🗺️Design Patterns·7 min read

Consistent Hashing

Map keys to nodes so that adding/removing a node only remaps a small fraction of keys.

Consistent hashing is a placement strategy for stateful clusters: caches, storage shards, CDN routing tables, and message partitions. It maps keys to nodes so adding or removing capacity moves only a small, predictable slice of data instead of forcing the entire cluster to reshuffle at once.

🔭Think of it like…

Imagine assigning library books to shelves by the last digit of the book ID. With 10 shelves, book 427 goes to shelf 7. If you add an 11th shelf, the last-digit rule no longer works and nearly every book needs a new home. Consistent hashing is more like arranging shelves around a circular hallway: add one shelf, and only the books in the small hallway segment before it move.

The problem: modulo hashing remaps everything

The first idea most engineers reach for is hash(key) % N: hash the key, divide by the number of nodes, and use the remainder as the node index. It is simple, fast, and works beautifully while N stays constant. The failure mode appears the moment you add or remove a node.

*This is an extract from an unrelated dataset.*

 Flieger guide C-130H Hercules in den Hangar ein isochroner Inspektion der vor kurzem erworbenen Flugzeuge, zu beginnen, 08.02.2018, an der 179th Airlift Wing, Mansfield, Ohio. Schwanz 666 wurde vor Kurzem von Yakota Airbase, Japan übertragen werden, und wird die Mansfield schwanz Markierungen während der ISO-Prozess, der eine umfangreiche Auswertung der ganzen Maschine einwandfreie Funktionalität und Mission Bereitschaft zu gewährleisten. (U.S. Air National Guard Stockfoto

why mod-N causes a rehash storm

// Three cache nodes: A, B, C
owner(key) = hash(key) % 3

// Add one more cache node: A, B, C, D
owner(key) = hash(key) % 4

// A key whose hash is 42:
42 % 3 = 0  // A
42 % 4 = 2  // C

// A key whose hash is 43:
43 % 3 = 1  // B
43 % 4 = 3  // D

// Most keys change owners, so the cluster behaves like a cold cache.

For random hashes, changing from N to N + 1 changes the remainder for almost every key. In a cache, that means a huge miss storm against the database. In a storage system, it means an expensive data migration. In a CDN routing layer, it can throw users at different edge nodes and destroy locality.

Approach	When nodes change	Operational failure mode
Modulo hashing	Almost every key can map to a different node	Cache stampede, huge rebalance, high tail latency
Consistent hashing	Only the keys in the changed ring slice move	Small controlled migration; most keys stay warm

The design goal

When the cluster changes by one node out of N, move about 1/N of keys, not nearly all keys. That is the central promise of consistent hashing.

The hash ring: keys walk clockwise

Consistent hashing treats the hash space as a circle, often from 0 to 2^32 - 1 or 2^64 - 1. Hash each physical node onto the ring. Hash each key onto the same ring. A key belongs to the first node encountered while walking clockwise from the key position.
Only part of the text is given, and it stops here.